アートフェア出展には審査がありますが、まだ評価の定着していないOFFにおいては定員割れをおこしがち。かといって誰にでも門戸を開いてしまえば、結果的に質の低いギャラリーが集まりフェアのイメージもダウン。
アートフェアの運営も難しいものですが、フェアの時期には新しいものを求めてアートラバーやコレクター、美術関係者が、メインだけでなくOFF巡りを行うのは通例です。
フェアの成績は様々な要因に影響を受けます。
時期、場所、出展ギャラリーの質、出展費、広報力、為替、等々。
主催者側は入場料も大きな収入源なので、入場者数は重要です。
一方ギャラリー側は新規顧客開拓と同時に出展作品の販売が重要になるので、売却が容易な作品(価格、サイズなど)を揃える傾向もあるようです。
不況の影響もあり、とりわけOFFではフェア前半で売り上げを達成するギャラリーはほぼなく、まだ評価の定まっていない作品を前に、コレクターは値段と価値をじっくり吟味する傾向にあります。
あるギャラリストの方が、「アートフェアは博打の様なもの」と言っていました。
とりわけ各ギャラリーの固定客が少ないOFFにおいては、作品のクオリティーが高くても、売れるか売れないかは出たとこ勝負。
「荷物」を減らして帰れるかはまだ見ぬコレクターとの出会い次第という事でしょうか。
今年のParis PhotoのOFFとしては、主にnofound(3区)とPHOTO OFF(20区)がありました。
どちらも(とりわけ後者は)ギャラリーだけでなく、コレクターや基金、アート関連のパブリッシャーあるいはギャラリーの後押しを受けた作家が直接出展しているブースがあり、近年の新たなアートフェアの形を示していました。
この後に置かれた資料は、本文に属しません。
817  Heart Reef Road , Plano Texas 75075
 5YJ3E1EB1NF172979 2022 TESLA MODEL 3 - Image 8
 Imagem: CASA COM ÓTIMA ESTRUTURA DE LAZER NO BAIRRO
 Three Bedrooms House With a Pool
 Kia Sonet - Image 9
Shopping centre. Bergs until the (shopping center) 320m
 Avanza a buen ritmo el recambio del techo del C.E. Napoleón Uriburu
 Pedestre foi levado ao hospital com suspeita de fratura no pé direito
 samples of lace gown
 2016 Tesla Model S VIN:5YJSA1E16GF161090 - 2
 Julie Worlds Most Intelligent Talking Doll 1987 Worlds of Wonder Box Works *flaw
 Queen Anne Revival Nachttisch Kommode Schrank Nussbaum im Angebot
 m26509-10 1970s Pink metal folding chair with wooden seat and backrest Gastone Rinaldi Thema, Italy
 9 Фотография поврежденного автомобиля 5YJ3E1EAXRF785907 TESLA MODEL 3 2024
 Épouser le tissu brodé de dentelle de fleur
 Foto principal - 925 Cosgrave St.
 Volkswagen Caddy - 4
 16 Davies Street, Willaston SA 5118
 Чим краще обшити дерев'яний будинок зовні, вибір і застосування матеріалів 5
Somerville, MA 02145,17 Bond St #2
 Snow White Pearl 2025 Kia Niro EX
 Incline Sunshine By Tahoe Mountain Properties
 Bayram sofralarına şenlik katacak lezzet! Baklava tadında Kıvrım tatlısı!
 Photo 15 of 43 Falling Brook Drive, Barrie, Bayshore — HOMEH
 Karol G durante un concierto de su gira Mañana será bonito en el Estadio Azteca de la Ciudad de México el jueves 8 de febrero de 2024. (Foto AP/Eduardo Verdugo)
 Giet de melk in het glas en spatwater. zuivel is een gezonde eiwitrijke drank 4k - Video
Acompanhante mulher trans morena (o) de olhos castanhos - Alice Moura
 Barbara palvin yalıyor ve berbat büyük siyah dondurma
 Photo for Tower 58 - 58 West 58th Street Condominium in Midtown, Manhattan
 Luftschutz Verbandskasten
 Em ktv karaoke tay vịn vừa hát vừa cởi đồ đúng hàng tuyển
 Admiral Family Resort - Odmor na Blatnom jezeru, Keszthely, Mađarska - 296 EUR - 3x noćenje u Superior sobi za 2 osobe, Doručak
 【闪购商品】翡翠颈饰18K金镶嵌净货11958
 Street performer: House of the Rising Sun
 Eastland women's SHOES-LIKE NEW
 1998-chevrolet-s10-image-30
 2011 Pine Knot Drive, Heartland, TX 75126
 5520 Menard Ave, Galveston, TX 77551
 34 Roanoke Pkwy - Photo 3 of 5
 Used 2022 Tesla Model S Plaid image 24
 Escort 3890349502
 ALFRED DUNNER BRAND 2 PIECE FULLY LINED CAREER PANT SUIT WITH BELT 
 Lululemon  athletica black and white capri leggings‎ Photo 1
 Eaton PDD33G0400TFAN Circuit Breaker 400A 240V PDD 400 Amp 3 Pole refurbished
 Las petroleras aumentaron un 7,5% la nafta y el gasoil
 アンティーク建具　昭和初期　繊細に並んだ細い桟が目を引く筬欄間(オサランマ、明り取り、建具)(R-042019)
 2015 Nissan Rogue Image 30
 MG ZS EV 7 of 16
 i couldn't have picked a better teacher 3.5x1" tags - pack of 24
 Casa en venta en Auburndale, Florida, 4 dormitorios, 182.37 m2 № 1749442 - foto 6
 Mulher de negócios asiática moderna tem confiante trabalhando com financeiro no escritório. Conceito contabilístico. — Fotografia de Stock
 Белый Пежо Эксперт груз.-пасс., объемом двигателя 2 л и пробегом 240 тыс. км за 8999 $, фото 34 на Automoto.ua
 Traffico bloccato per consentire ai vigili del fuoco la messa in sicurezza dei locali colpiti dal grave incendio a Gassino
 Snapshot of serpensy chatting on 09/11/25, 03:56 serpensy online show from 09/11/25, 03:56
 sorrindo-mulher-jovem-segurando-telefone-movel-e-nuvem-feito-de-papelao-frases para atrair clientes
前者は土地の理を活かして幅広い年代の客層を集めていましたが、去年はあって(8区)今年はブリュッセルのみでの開催となったFOTOFEVERに来ていた客層は別に流れてしまっていた様です。
一方、後者はあの辺りの居住者がコミュニケーションの場として家族連れでいっているという印象で、作品の質はぱっとしないものの、観客の滞在時間は長そうでした。
出展者達の明暗はともあれ、観客にとっては様々なニーズに合わせて幾つかのフェアが展開されているのは有り難い事かもしれません。